==== DATA PROVIDED
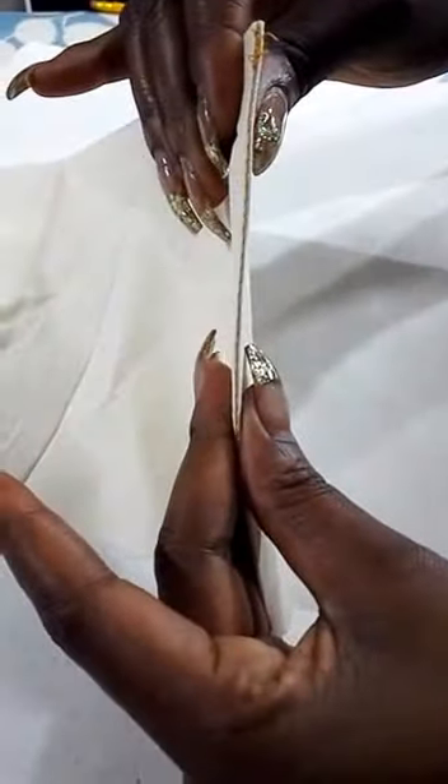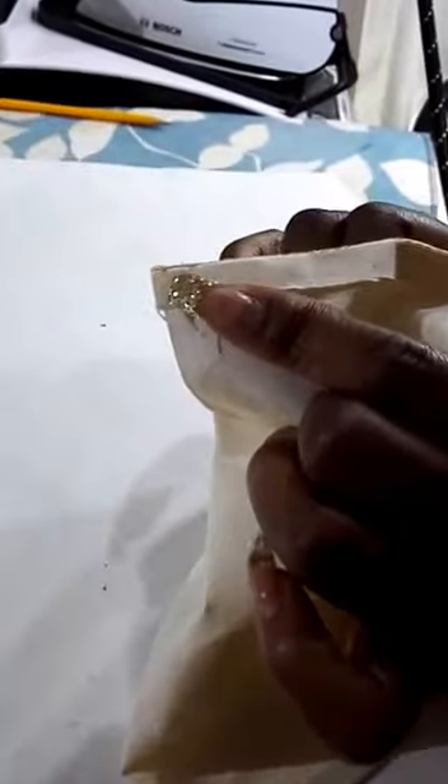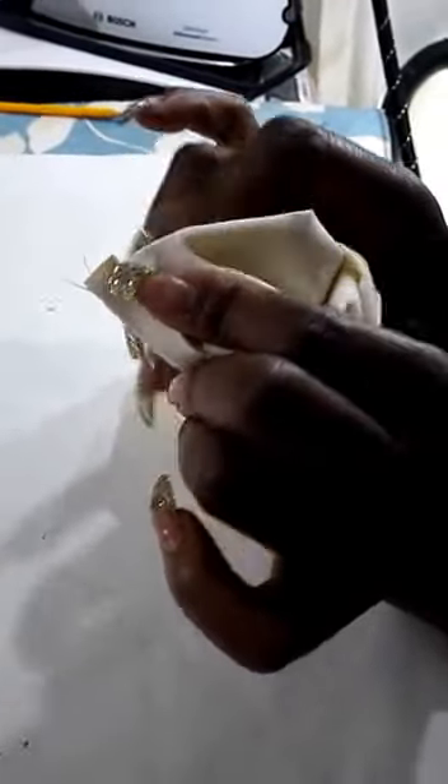Okay, so you've got the stitch right on the edge like that. And then when you turn it out, you hold the seam down — hold the seam down and just poke through.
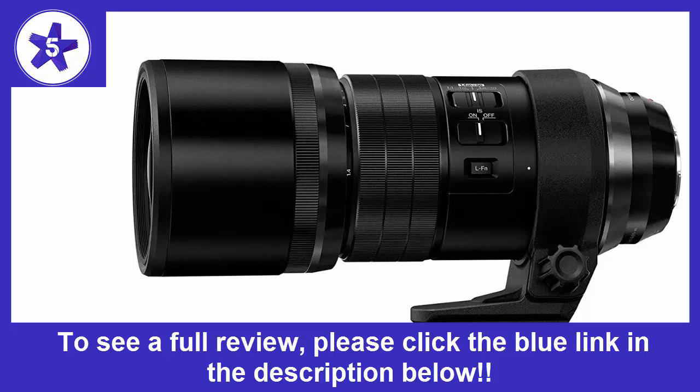You can literally count the feathers on a hummingbird. I've used Canon L lenses with various 1D cameras, but when I sent the first shots taken with this lens to friends, they all commented on how fantastic the images were. I don't think Canon has a lens this good at anything approaching its price point.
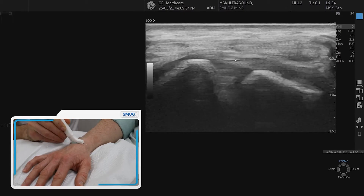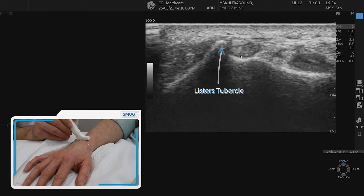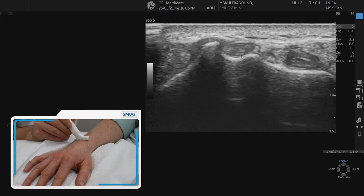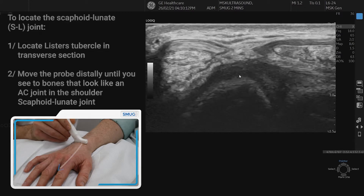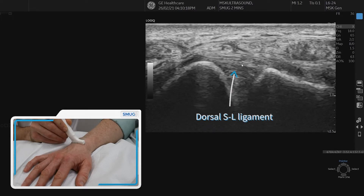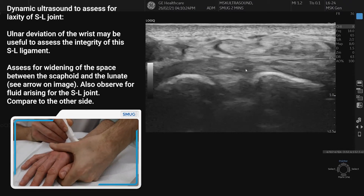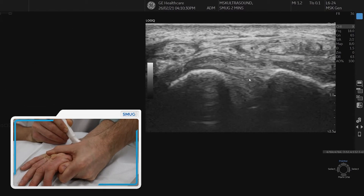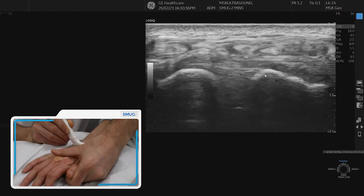Going back to Lister's tubercle, the first thing to do is assess the scaphoid lunate ligament. We can see the nice dorsal scaphoid lunate ligament if we slide more distally off Lister's tubercle. Look for any fluid, any thickening of the capsule. We also do a dynamic test — moving the patient's hand into ulnar deviation — and as long as those bones don't open up, we can say that's a stable scaphoid lunate joint.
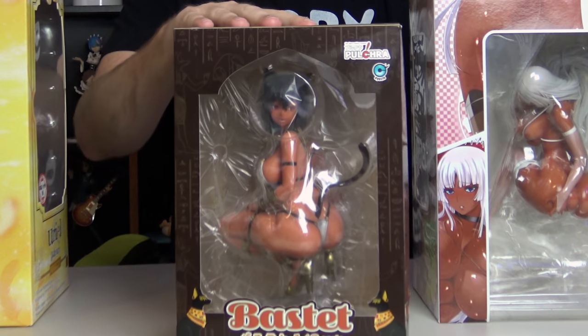People have been wanting me to open this figure for probably about six months or so, or longer. Honestly I'm not sure why I haven't — I think I just haven't had the time or I've had different videos I've been wanting to do. I mean, there's no reason not to: this figure is tan, she's got a big old booty. That's pretty much it, that's all I need.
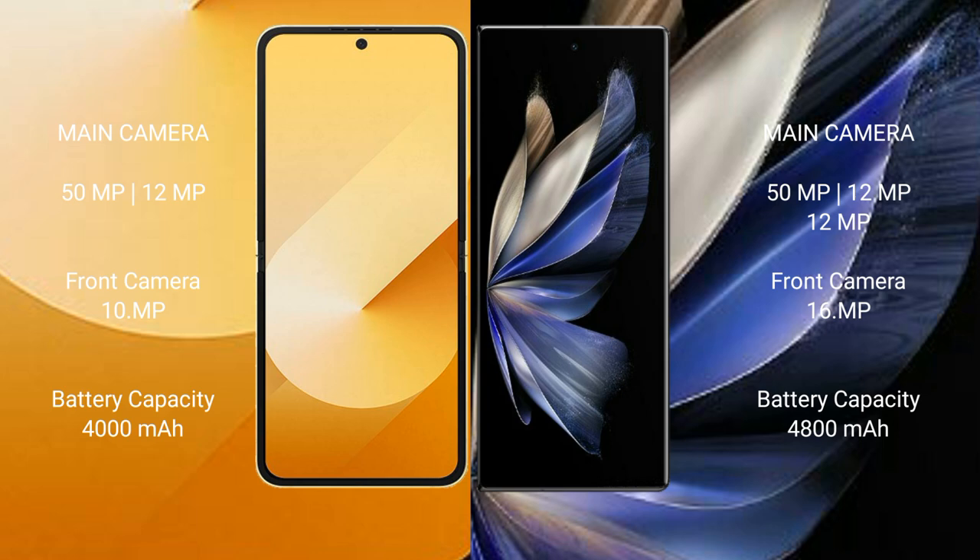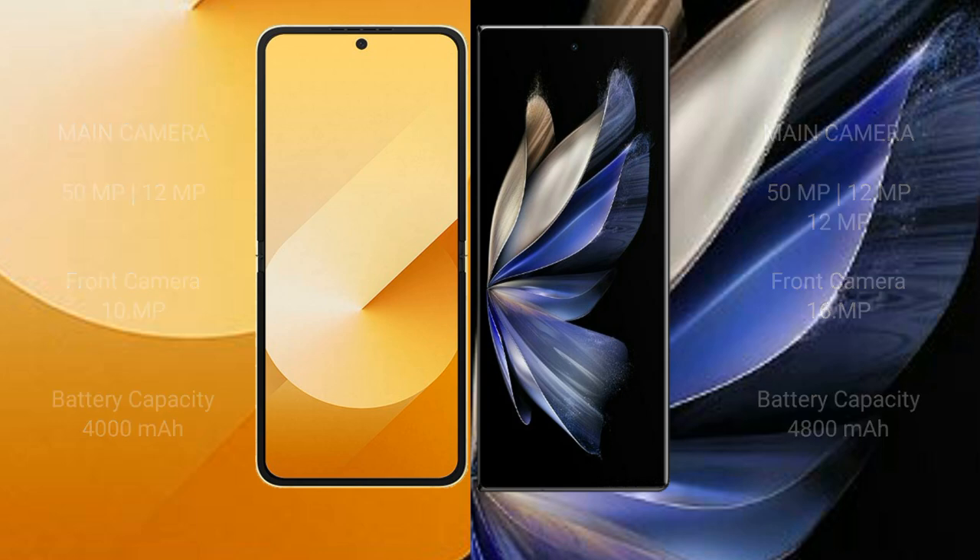Samsung Galaxy Z Flip 6 has a 4000mAh battery with 25W fast charging support. Vivo X Fold 2 has a 4800mAh battery with 120W fast charging support.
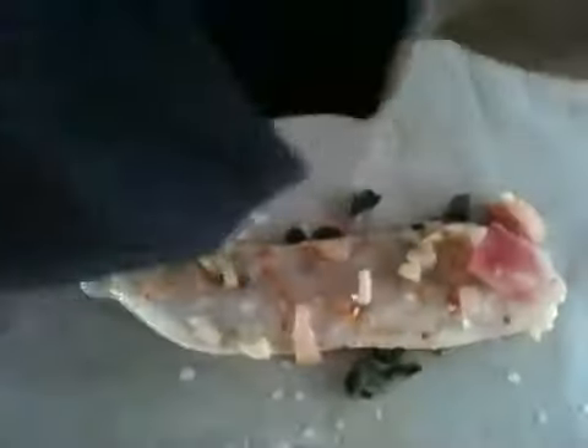Take your marinated fillet and put it in the center of your baking paper. Pour the balance of your marinade over your fish, dividing it amongst the fillets that you are going to bake.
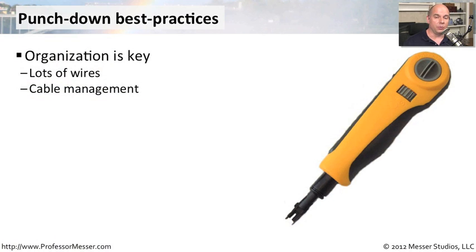If you're doing any amount of punch down work, you'll need to keep a few things in mind. One is that you'll need to be very organized. There are a lot of wires, so you want to make sure that you have documented all your wiring, that you have documented it on the punch downs themselves, and that you have everything arranged exactly the way it should be. There's going to be a lot of cable management involved, so you'll need to make sure that everything remains neat and clean during the punch down process.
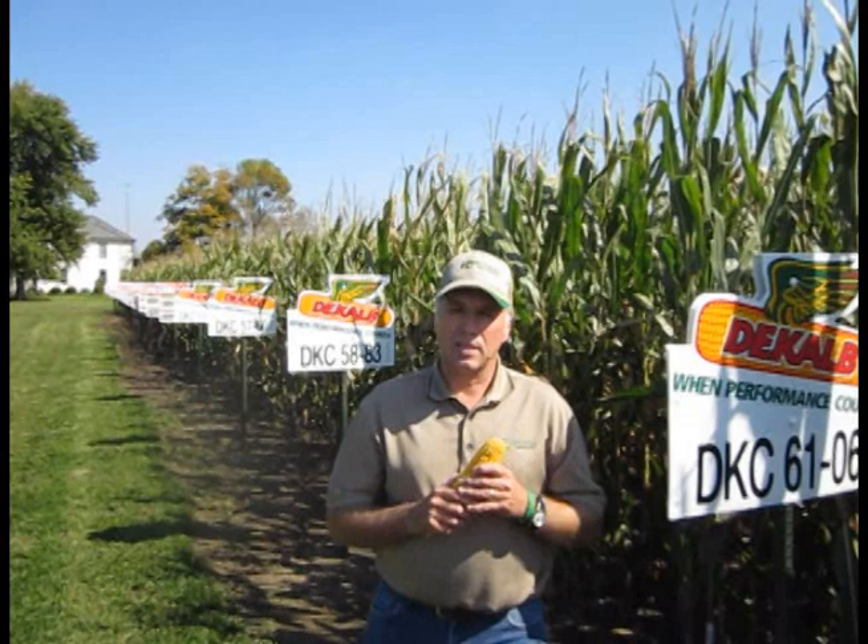6106 also has an excellent penetrating root system that will work well in most soil types, including those tight clays. The penetrating root also gives us excellent drought tolerance.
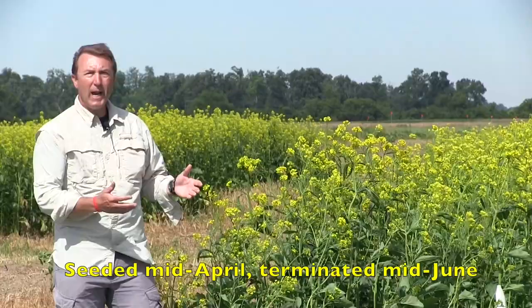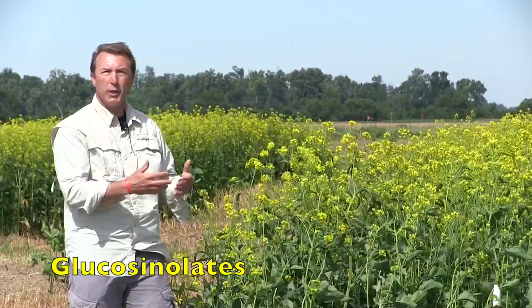So how does this whole process work? Right now we're at full bloom and have as much biomass as we're going to get out of these mustard plants. This is when the level of glucosinolates — the compound of interest for us that will actually do the biofumigation — is at peak levels in the plant. So very shortly we'll come in here with a mower, mow all this down, take the rototiller through and incorporate that plant material into the soil.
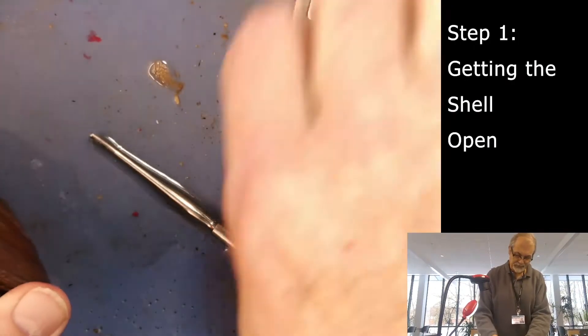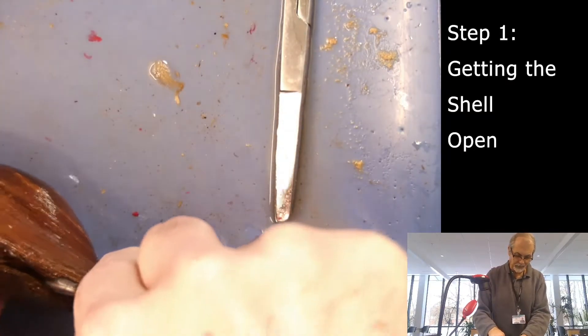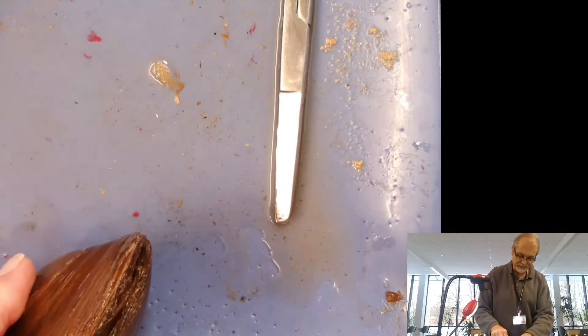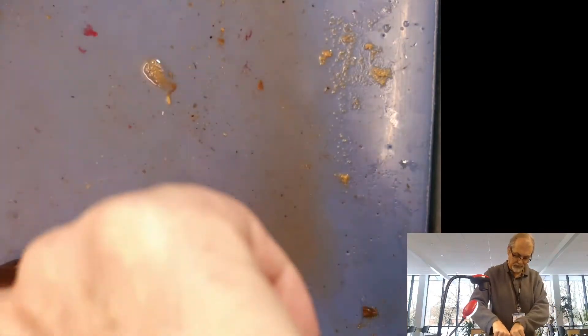Sometimes these open up perfectly — you don't have to do very much. They cooperate sometimes. You almost need a wedge. What you can do if you have to, you can actually cut the adductor muscle down in here, and that'll allow it to open. But I'm going to see if I can use two of these and wedge it open. It may work, it may not.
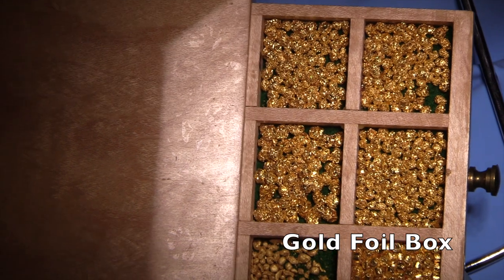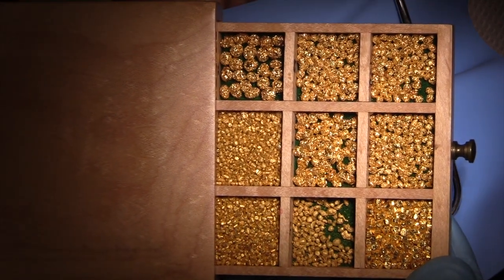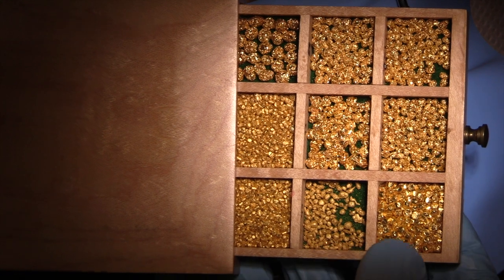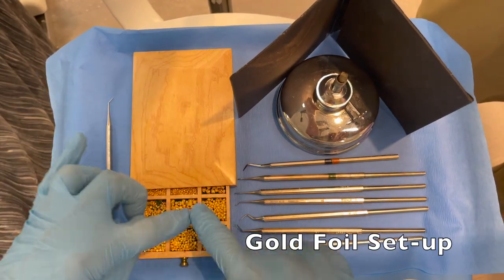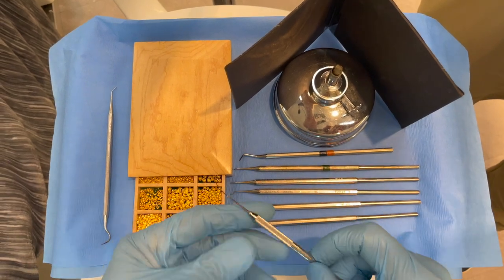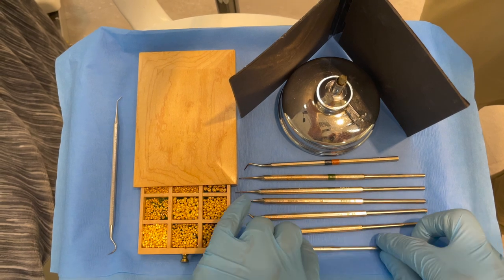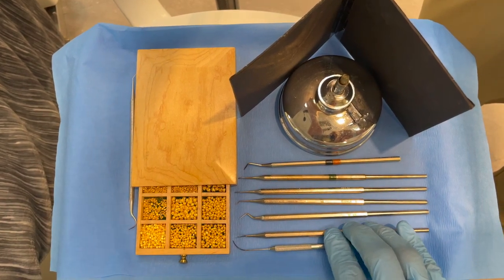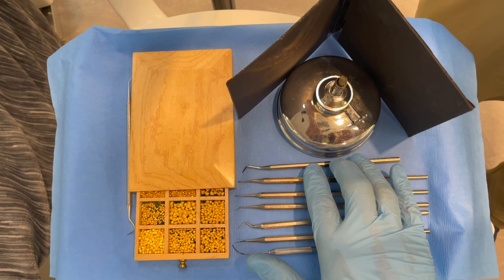After using 2% chlorhexidine, let's look at the foil options. This is my gold foil box — all these foil pellets were rolled by my assistant Millie, who's really capable of handling gold foil. I have different types and sizes. The ones we'll use today are easy gold, which is powdered gold wrapped in a gold wrapper, and gold foil pellets. I have a Woodbury-Myers instrument for passing; we heat the gold to burn off impurities — it's not the temperature but the effect of the flame burning off residual ammonia or oils. The other instruments are condensers of different shapes, and we use a pure ethanol flame to avoid contaminating the foil.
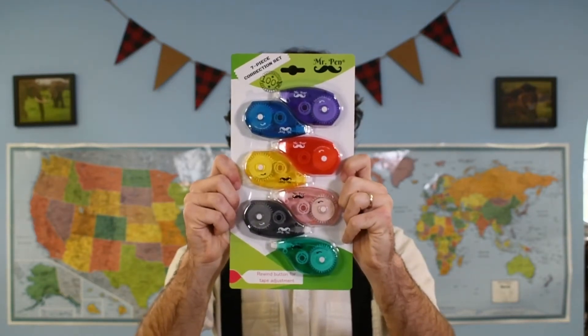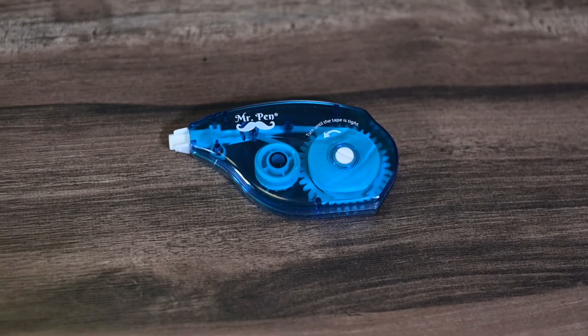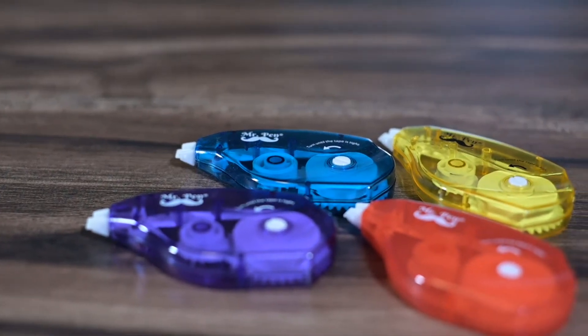Mr. Pin Correction Tape is designed to instantly correct handwritten or typed documents and dry immediately so that you can write over it as soon as you apply. They can be used on all kinds of paper and are easy to use with the left or right hand.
========
▶ **EXERCISE PROMPT**:
From the line with "Samsung Galaxy Z" up to and including the line with "Take your marinated" above, retype every line exactly and nothing more; leave out the pictures.

▶ **SOLUTION TO THE EXERCISE**:
Samsung Galaxy Z Flip 6 has a 4000mAh battery with 25W fast charging support. Vivo X Fold 2 has a 4800mAh battery with 120W fast charging support.
Take your marinated fillet and put it in the center of your baking paper. Pour the balance of your marinade over your fish, dividing it amongst the fillets that you are going to bake.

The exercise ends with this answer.